Dinimize kulak versek, imanımızın ve itikadımızın icabatına sımsıkı sarılsak başta âile olmak üzere tüm müesseseler kaim ve daim olur.
Dinimizden yırtıp (koparıp) dünyaya yamadıkça her şey altüst oluyor. Meselâ İstanbul’u ele alalım. Bu şehr’İstanbul ki bi müslü bahadır diye şairlerin mısralarında, bestekârların şarkılarındaki güzel İstanbul’u…
Güzel İstanbul şimdi fevkalâde çirkin… Nüfusu patladı. En fazla beş milyon insànı; insàn gibi yaşatabilecek bir şehire 30 milyon yığılırsa ne olur?
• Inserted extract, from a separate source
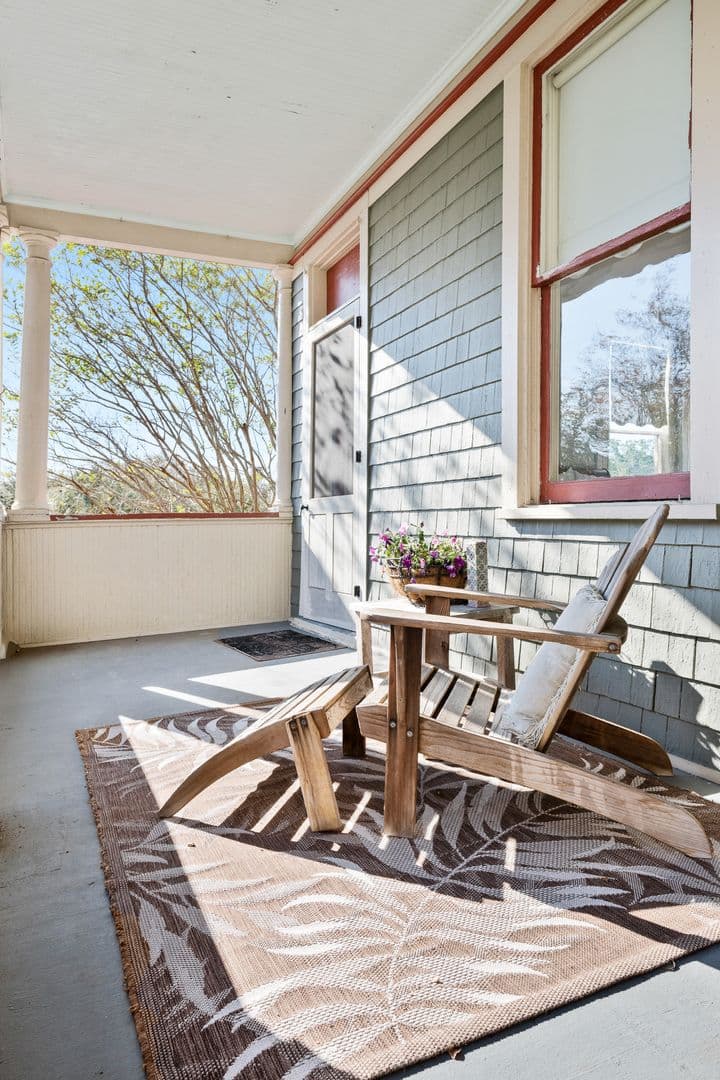 Charleston House: 118 Rutledge Avenue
O şehir berbat olur, medeniyet namına bir şey kalmaz.
Hikmet ehli merhum bir ağabeyimiz “İstanbul artık bir mezra olmuştur” demişti de pek anlayan olmamıştı. Mezra nüfusu en az yerleşim yeridir ya, bu beyinsizler oradan hareketle tuhaf bulmuş üzerinde düşünmeye bile yeltenmemişlerdir…
Onlar «mezra» denince seyrek aralıklı birkaç evlik kırsal yerleşim yeri kasdedildiğini sanıyorlar. Oysa o hâkim zatın buradaki meramı, “büyük ve kalabalık olsa da, medeni olmayan bitap düşmüş yerleşim yeri” idi.
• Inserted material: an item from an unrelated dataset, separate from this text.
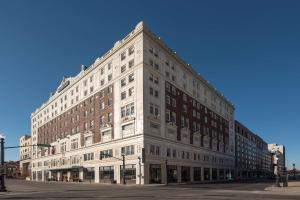 a large white building on the corner of a street at Hilton Garden Inn Louisville Downtown in Louisville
İstanbul her şeyiyle «bitap düşmüş» bir şehirdir. Bitap malûmâlileri kımıldayamaz olmuş, takati kesilmiş mánâsındadır.
“Yamadık dünyamızı yırtarak dinimizden…” hikmetli sözü bu meselede de geçerlidir.
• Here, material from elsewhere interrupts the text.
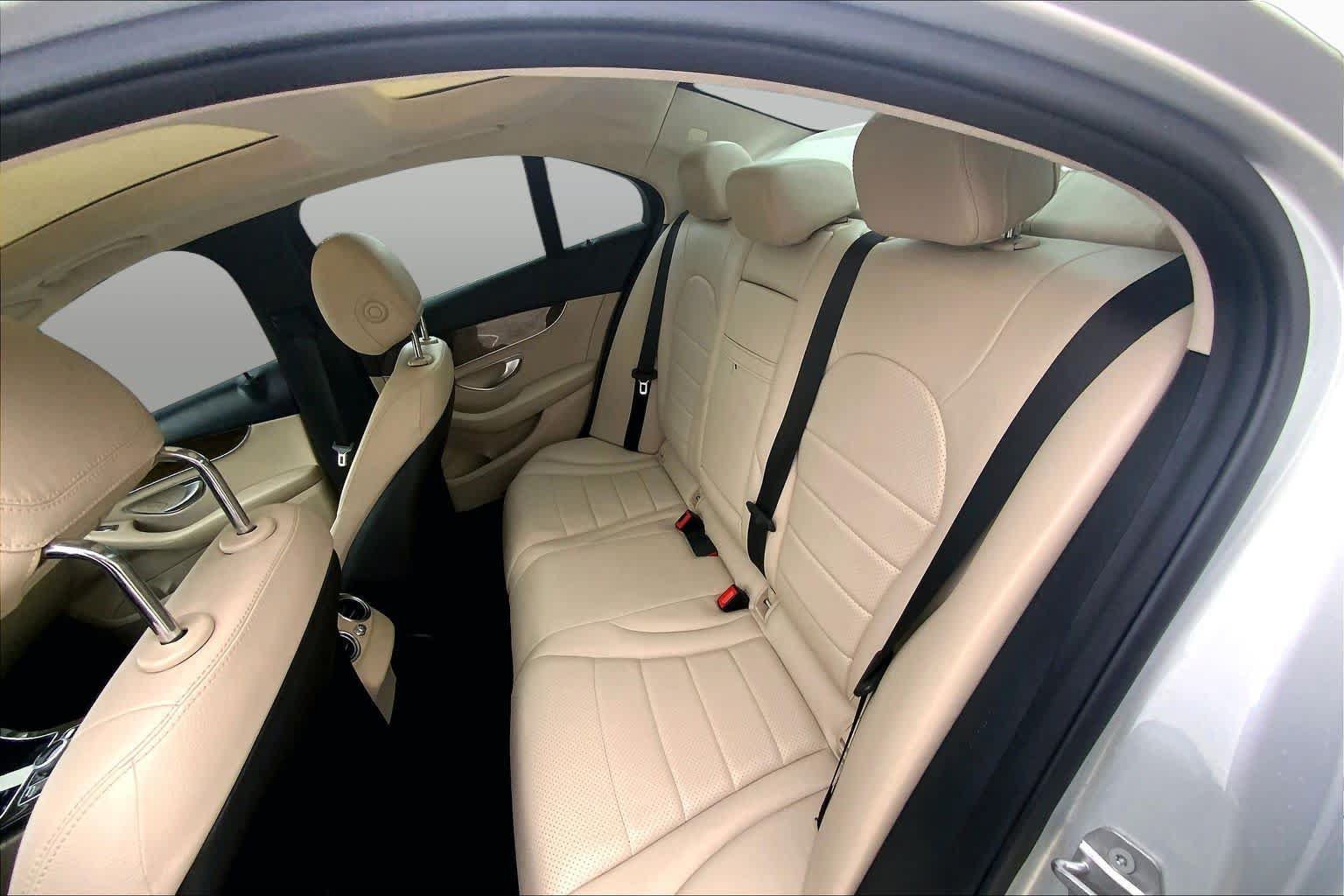 Used 2018 Mercedes-Benz C 300 Sedan image 38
Benden sonra tufan zihniyetindeki haramizadeler bu hale getirdi güzelim şehri. Rant rant dediler bir kez olsun “Allah ne der bu yaptıklarımıza, Allah’tan korkalım, kuldan utanalım” demediler…
Bendenizi iyi tanımayan kimi gaflet ehli, “seninkiler yaptı” diyorlar. «Benimkiler» adı İslâmcı, kendi «tufancı» haramizadeler idi sanki.
Hem bendeniz ne zaman bir partinin propagandasını yapmışım? İktidarda Ak Parti değil CHP olsaydı onun da iyi işlerine iyi, kötü işlerine kötü derdim. Gel gör ki CHP sabıkalı bir partidir. Tarihinde iyi işler yaptığı pek nadirdir. Keşke yapmış olsaydı da zikretseydik Allah için.
Ak Parti bir umut oldu millete, lâkin iktidarda fazla kaldıkları için nemalanan kesimi giderek büyüdü ve bugünkü laçka ve haramizade hale geldi. Millet hafızasında CHP o denli büyük, hasseten dine karşı gelen yanlışların sahibi bir partidir ki CHP’yi hiç düşünmüyor bu millet.
Zaten bu işlerde çare bir partinin holiganlığını yapmak değildir. Bir partiyi tercih etmişsen ve onlar iktidara gelmişlerse senin de vebálin büyüktür. Bu vebálin gereği o partiye en sıkı muhalefeti senin yapman, yanlış gördüğün işleri hemen cesaretle tenkid etmendir.
Dünyaya meyil edenler Ak Parti camiasında çoğunluk haline geldiler. Sonuçta da dünyayı dininden keserek yamayanların partisi haline geldi. Neden bunlar tenkid edilmiyor? Nerede o Ak Parti’ye methiyeler düzenler. Tenkid edemedikleri için yazı bile yazmıyorlar hakkında. Ottan moktan, sudan havadan bahsediyorlar.